Here is how it works:
Two Shafts  & Horizontal Tunnels Step one was digging two shafts (A.), like elevator shafts, down to about 20 feet below the bottom of the subway tunnel. One shaft is on the Federal Reserve Bank corner across from South Station, the other on the old Peter Pan Bus Terminal corner across from One Financial Center. Next, horizontal tunnels (B.), called “grouting galleries,” each about 15 feet high, were dug under the subway across Summer Street. The subway is only a few feet above the top of the tunnels; workers can hear the trains rumbling overhead.

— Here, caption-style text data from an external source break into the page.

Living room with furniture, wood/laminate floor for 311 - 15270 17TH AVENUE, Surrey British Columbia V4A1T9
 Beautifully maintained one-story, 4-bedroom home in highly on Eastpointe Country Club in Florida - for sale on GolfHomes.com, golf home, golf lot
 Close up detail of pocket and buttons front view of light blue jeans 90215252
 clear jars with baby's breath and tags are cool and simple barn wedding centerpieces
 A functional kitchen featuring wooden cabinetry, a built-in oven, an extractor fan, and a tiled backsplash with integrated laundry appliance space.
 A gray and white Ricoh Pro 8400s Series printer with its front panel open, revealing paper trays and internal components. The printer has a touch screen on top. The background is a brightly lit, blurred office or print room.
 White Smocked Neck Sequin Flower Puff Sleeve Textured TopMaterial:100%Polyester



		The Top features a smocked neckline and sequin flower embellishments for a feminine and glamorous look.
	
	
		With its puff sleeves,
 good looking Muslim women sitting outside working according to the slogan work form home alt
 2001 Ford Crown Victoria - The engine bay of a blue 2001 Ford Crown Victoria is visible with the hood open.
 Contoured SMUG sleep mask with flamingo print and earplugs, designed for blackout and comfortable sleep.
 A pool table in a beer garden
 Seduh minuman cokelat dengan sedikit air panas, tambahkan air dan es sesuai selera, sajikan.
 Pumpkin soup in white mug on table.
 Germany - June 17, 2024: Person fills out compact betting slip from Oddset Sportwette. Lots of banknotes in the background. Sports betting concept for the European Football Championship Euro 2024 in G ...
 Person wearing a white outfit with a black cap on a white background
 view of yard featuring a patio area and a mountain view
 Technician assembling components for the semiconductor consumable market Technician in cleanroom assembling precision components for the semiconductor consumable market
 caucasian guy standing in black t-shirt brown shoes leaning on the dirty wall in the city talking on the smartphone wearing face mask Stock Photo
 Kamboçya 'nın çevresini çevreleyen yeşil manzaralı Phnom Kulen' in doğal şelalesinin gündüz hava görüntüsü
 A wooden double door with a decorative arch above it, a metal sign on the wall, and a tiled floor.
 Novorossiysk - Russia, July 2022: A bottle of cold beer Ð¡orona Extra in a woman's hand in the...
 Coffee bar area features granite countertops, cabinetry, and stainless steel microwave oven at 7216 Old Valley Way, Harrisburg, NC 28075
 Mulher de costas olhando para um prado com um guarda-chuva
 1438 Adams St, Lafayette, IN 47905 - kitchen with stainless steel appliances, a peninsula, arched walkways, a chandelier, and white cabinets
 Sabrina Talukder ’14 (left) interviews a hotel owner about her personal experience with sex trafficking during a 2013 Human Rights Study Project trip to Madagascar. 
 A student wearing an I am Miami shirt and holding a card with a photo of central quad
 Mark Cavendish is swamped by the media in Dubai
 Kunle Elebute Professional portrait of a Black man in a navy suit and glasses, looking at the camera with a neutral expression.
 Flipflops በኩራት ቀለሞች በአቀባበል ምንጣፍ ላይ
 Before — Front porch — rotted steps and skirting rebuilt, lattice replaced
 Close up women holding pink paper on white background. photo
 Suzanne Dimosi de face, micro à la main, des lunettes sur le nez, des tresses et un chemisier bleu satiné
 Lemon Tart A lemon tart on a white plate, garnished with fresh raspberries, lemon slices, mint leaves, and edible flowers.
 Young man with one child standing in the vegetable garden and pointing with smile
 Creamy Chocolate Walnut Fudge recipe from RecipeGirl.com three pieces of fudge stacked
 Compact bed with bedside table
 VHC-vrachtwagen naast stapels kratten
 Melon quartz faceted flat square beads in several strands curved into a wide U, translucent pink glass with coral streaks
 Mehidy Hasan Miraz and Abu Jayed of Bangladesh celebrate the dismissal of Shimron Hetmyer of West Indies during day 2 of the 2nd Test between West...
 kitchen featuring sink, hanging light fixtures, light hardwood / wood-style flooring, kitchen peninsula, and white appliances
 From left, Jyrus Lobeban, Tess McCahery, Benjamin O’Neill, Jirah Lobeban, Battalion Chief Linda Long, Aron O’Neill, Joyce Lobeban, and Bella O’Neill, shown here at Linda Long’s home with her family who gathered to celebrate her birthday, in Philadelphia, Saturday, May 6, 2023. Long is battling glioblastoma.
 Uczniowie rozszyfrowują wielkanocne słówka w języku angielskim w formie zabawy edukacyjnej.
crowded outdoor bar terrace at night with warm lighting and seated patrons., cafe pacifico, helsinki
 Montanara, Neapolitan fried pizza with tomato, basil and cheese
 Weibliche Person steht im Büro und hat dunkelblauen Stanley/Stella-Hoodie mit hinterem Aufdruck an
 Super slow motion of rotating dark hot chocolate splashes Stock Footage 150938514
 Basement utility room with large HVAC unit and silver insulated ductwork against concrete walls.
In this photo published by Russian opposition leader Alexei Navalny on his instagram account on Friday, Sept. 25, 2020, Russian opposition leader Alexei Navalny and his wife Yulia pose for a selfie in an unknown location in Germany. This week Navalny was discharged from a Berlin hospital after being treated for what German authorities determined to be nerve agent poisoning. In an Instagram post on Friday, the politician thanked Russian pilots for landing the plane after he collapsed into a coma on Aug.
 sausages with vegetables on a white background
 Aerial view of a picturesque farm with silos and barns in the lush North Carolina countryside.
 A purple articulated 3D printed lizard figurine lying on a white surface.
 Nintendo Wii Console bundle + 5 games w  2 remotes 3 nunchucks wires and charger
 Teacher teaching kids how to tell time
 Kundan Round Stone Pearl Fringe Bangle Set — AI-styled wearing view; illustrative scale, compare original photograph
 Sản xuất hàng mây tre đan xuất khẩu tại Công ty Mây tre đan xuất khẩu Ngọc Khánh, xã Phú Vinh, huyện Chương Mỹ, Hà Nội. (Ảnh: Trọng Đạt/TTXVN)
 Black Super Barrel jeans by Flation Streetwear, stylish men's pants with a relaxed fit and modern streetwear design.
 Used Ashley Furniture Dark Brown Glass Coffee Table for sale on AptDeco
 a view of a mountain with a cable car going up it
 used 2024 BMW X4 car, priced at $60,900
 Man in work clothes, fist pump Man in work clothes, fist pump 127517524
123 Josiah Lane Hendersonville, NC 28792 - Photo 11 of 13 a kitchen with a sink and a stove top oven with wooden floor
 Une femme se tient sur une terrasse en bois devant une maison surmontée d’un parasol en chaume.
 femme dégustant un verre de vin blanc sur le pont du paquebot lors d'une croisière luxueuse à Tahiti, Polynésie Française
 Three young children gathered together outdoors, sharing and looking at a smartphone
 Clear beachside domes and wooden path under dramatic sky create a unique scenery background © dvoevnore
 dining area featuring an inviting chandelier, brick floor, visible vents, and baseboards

Horizontal Tunnels and Samll Shafts                        Then hundreds of small shafts just a few inches in diameter were drilled in a fan pattern (C.) from the horizontal grouting galleries down to bedrock about 50 feet below. Porous pipes were inserted into the shafts and a liquid material called “grout” – like the liquid component of concrete – pumped through the pipes. The grout flowed out the tiny holes in the pipes and permeated the soil. When dry the grout makes the soil impermeable to water; tunneling is impossible in water-soaked ground. In fact, to make the first grouting gallery tunnel possible, the entire water table in Dewey Square had to be temporarily lowered by sinking wells to pump out the groundwater.
Small Tunnels Between Grouting Galleries Atop the Concrete Walls With the grout dry, the the vertical shafts could be sunk farther down to bedrock, so that a series of three more pairs of tunnels could be dug, one on top of the next, and filled with concrete (D), forming two massive concrete walls 100 feet long and 45 feet high underneath the grouting galleries and perpendicular to the subway. A series of small tunnels (E) between the grouting galleries atop the walls (all filled with reinforced concrete) will form the top of the table. Finally, the grouting galleries will be filled with concrete (leaving a duct for utilities) and the supporting structure will be.
Covered Bridge Beneath the Red Line With the soil above the underpinning structure grouted and the structure itself resting on bedrock, the subway tunnel will be fully supported and the highway will be mined between the sides of the “covered bridge” beneath the Red Line.